The mood was anxious and bleak – the mood of a city before a siege. Up, at the top of the steps leading into Gezi Park, dark shadows in hardhats patrolled the makeshift barricades, nervously scanning the movement of the riot police and water cannon vehicles at the opposite ends of Taksim Square. Inside the park, under the plane trees and blooming lindens, supply tents were already stacked up with boxes of crackers and water bottles. Volunteer doctors swiftly assembled first aid kits on a table. Fire extinguishers and shovels stood ready in one corner. Preparation was key. Earlier that day, Turkey’s prime minister Recep Tayyip Erdogan – Gazdogan, as he had been recently renamed on the walls of surrounding buildings – had issued his “final warning:” get out of the park or suffer the consequences of the government’s wrath.

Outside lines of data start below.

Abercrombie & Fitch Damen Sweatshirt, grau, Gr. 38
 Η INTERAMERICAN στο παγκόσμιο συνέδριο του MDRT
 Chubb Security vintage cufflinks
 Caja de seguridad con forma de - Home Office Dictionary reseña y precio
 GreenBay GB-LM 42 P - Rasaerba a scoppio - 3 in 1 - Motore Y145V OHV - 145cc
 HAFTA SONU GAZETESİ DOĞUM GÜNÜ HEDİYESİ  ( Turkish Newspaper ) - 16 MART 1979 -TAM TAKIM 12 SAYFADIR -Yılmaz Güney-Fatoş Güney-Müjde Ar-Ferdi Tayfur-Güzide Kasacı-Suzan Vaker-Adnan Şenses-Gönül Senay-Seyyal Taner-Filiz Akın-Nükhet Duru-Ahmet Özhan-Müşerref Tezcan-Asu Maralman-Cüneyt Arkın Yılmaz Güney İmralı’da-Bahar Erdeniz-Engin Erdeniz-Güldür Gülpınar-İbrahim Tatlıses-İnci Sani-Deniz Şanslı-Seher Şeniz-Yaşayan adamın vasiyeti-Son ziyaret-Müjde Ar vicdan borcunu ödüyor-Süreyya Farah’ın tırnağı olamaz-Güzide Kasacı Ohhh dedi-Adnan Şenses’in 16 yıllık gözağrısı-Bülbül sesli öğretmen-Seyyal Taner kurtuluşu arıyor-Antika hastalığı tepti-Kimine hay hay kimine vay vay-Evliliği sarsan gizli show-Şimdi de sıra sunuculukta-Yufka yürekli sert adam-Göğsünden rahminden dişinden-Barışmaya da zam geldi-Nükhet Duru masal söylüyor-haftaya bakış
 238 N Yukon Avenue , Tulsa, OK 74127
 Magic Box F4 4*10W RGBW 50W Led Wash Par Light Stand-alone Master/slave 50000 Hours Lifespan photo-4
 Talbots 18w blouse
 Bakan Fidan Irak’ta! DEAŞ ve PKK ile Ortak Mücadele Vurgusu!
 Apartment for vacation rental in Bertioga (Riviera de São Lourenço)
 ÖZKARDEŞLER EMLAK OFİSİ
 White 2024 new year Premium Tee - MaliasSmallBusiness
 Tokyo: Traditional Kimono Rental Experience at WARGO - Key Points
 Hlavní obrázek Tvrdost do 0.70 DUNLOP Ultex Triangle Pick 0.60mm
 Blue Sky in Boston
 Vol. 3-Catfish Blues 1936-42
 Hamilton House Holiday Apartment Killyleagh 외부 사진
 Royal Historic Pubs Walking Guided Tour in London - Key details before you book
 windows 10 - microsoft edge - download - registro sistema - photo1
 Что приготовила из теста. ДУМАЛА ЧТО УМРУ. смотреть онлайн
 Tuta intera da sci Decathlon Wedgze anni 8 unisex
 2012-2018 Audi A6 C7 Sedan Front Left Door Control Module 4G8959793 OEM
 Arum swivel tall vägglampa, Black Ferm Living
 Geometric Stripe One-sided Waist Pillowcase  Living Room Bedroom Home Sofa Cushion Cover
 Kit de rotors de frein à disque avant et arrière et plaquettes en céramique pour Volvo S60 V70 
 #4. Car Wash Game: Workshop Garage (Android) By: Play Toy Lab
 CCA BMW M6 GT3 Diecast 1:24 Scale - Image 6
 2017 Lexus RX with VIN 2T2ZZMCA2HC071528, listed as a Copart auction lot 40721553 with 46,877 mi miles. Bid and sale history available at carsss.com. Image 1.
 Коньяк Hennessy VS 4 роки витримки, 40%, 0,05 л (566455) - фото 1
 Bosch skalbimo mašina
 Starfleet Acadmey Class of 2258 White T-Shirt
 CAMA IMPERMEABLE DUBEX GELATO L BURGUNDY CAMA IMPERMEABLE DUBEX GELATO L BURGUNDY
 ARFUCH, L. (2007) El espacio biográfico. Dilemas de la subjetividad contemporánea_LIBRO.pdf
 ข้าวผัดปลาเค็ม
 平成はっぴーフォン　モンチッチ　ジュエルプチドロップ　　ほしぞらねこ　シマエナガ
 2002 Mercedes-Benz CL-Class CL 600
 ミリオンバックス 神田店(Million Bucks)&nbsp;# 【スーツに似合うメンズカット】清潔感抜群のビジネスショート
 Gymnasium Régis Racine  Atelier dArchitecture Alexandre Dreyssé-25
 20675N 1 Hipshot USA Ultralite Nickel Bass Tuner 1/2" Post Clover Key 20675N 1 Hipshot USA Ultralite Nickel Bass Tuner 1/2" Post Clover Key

But nobody was leaving. The danger had only brought people closer: anarchists and socialists and Kurds and liberals and conservatives and environmentalists and LGBT activists. At three o’clock on Friday morning Gezi Park was full of young people, many of them wide awake in small pools of light, chronically checking their phones and laptops and tablets, others playing backgammon to pass the time, smoking, strumming guitars, or reading for their university exams. A small crowd had gathered by the stage in the center of the park to learn the results of the negotiation talks between Erdogan and representatives of the protesters. Less troubled souls were already sleeping in their tents, on benches, and on colorful blankets spread out on the ground, as if in a mosque.
The attack never came that night. Gezi Park was to survive another day, though its future remained uncertain.
Outside, by the Ataturk Monument on Taksim square, the pianist Davide Martello, aka Klavierkunst, was performing a live concert. Both protesters and police were listening enchanted, suspending for a moment their animosity. As long as the music played, there wouldn’t be any violence. For 1001 nights.